Georgia Toffolo: Can a damaged passport ruin your holiday?
Millions of Brits enjoy holidays abroad, but a damaged passport can overshadow or even destroy a foreign getaway.
TV star Georgia Toffolo was stopped on Sunday by officials at Malé airport in the Maldives after they spotted some of the pages of her passport were missing.
In tearful updates posted to her Instagram account, she begged followers to help her and said she feared being kept in a "centre" for four days until she could fly home to the UK.
In one video said: "I've been crying for hours and hours. This is a really horrible situation to be in, where you can't go but I also can't leave the airport."

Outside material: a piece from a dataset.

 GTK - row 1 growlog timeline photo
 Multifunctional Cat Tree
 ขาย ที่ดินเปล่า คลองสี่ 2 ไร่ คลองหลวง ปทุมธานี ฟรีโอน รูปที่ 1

She was later allowed to leave the airport and continue to her holiday destination - but continues to be supported by the Foreign and Commonwealth Office (FCO).
But can a damaged passport really ruin a foreign holiday and what are the pitfalls to avoid?
Toff's travel trouble stemmed from her passport being classed as damaged, because two of its pages were missing.
Not everyone's passport is going to be in pristine condition, but when is it too damaged to use for travel?
A damaged passport is one "which isn't in a condition to be accepted as proof of identity", according to HM Passport Office's guidance for examiners, and must be replaced.
But passports that have reasonable "wear and tear" can be accepted.
Travellers whose passports contain multiple visas and stamps - indicating "heavy use" are more likely to have a problem, the guidance adds.
Possible issues could include:
- Details cannot be deciphered
- The laminate of the personal details page has lifted enough to allow the possibility of photo substitution
- Discolouration to the bio-data page
- Chemical or ink spillage on any page
- Missing or detached pages
- The chip or antenna shows through the end paper on the back cover for the new style e-passports
- The chip has been identified as damaged after investigation
Why is a damaged passport a big deal?
Travel expert Simon Calder says: "The main problem that travellers encounter with frontier officials is if there is damage to the photo page in the passport.
"That is because, historically, it was easy for fraudsters to doctor the details and replace the photograph.
"If there is any obvious flaw in the lamination, that is enough to get you barred from a country.
"Missing pages from within the passport are, generally, harder to spot - and in many cases overlooked or ignored."
The International Civil Aviation Organization, which is the global body responsible for passport standards, warns of a range of fraudulent "attacks" on passports.
These include "construction of a fraudulent document, or parts thereof, using materials from legitimate documents"; the "removal and substitution of entire page(s) or visas"; and the deletion of entries on visa pages and the observations page.
Mr Calder adds that airlines are "very sensitive to damaged passports because they are fined if they transport a passenger to a country where the document is ruled inadmissible".
"I am horrified when I see fellow travellers shoving their passport into a back pocket, rather than treating it as a fragile document that is all that stands between you and deportation on the next homebound flight."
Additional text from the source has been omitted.